By Nasser Karimi, AP
Tuesday, March 16, 2010

Tehran police guard against festival demos

TEHRAN, Iran — Iranian riot police and militiamen fanned out around Tehran on Tuesday in a major show of force during a national festival that authorities feared could re-ignite anti-government protests.

Tehran police chief Gen. Hossein Sajedinia told the ISNA news agency his forces were deployed to prevent “any event in the city” in an apparent reference to demonstrations during traditional celebrations of bonfires and fireworks before the Iranian New Year.

Since the disputed presidential election in June, opposition protesters have used national holidays as opportunities to hold protests against the re-election of President Mahmoud Ahmadinejad. There were no confirmed reports of significant clashes on Tuesday.

After sunset, people filled the streets in Tehran and across Iran for Chahar-Shanbe Suri, a ceremony held ahead of the Persian New Year, Nowruz. The festival dates back to the time when Zoroastrianism was the dominant religion in ancient Persia before the advent of Islam and is frowned upon by conservatives who say the feast contradicts Muslim traditions.

Sajedinia said motorbikes, a common form of transportation in Tehran’s congested streets, would be banned that night, apparently to try to hamper the movement of any protesters. Stores were also ordered to close early.

But Tehran streets were jammed with cars and people lit traditional fires — symbolizing the cleansing of the soul — and set off fire crackers and noisy homemade fireworks.

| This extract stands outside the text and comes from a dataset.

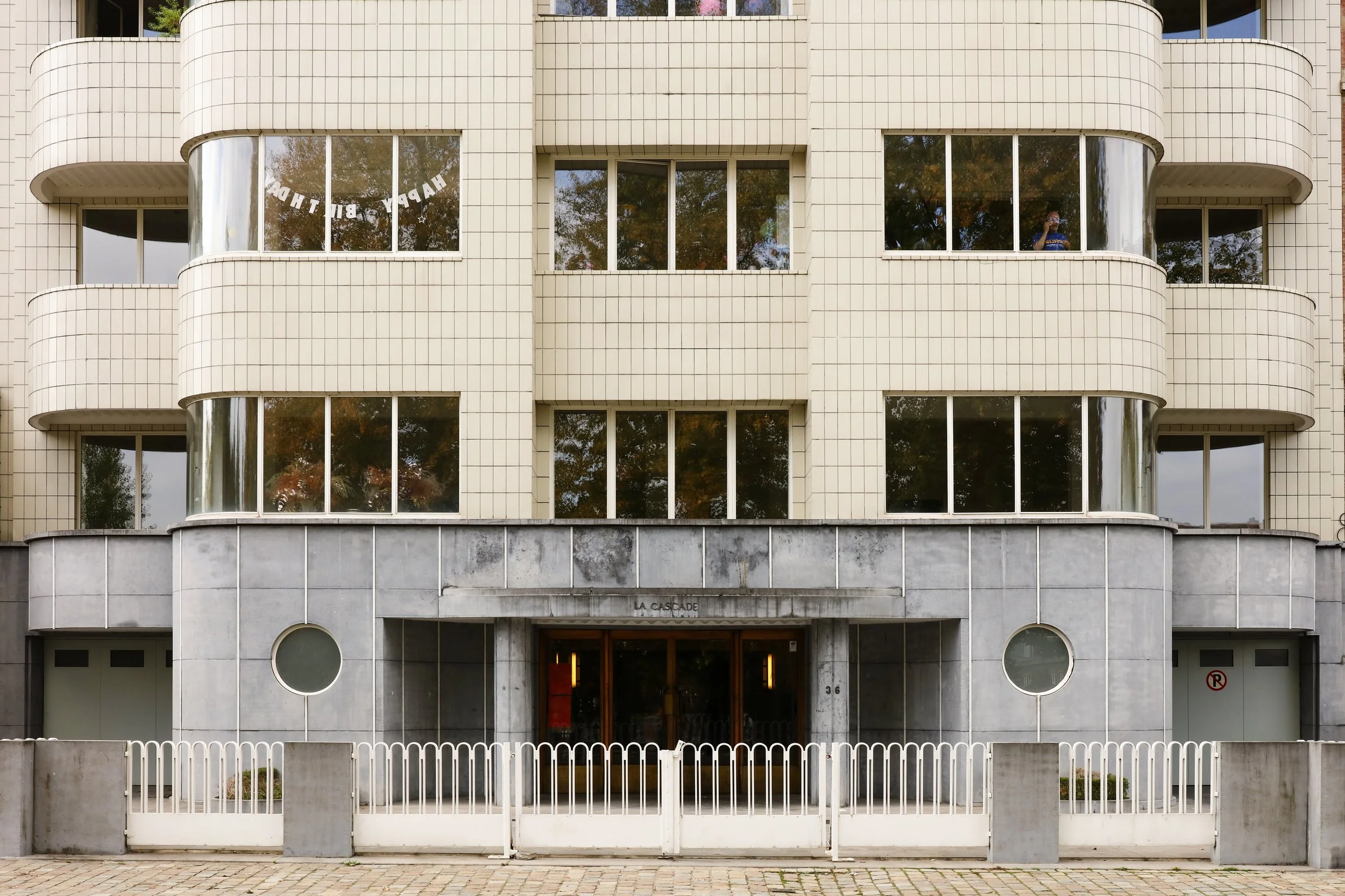 Immeuble La Cascade - Ajoux Rene, Bruxelles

Neither of the main opposition leaders, Mir Hossein Mousavi and Mahdi Karroubi, who both ran against the president, have called for demonstrations Tuesday, but many opposition Web sites have suggested using the occasion to stage protest gatherings.

Opposition Web site Norooznews reported that Mousavi told a group of activists the opposition movement, known as the Green Movement, would continue in the coming Iranian year.

“We have to call the next year the year of patience and resistance until the aims of the Green Movement are achieved,” he said.

Another pro-reform leader, former Vice President Mohammad Ali Abtahi, issued a statement expressing hope for Iran after the “difficult year.”

Abtahi was released in November on $700,000 bail after his lawyer said he had been sentenced to six years in prison in a mass trial of opposition figures accused of fomenting the postelection unrest.

Iranian authorities have granted temporary release from prison for others charged by the hard-line judiciary, including Iranian-American scholar Kian Tajbakhsh, a social scientist and urban planner. Tajbakhsh was the only American detained in the postelection crackdown.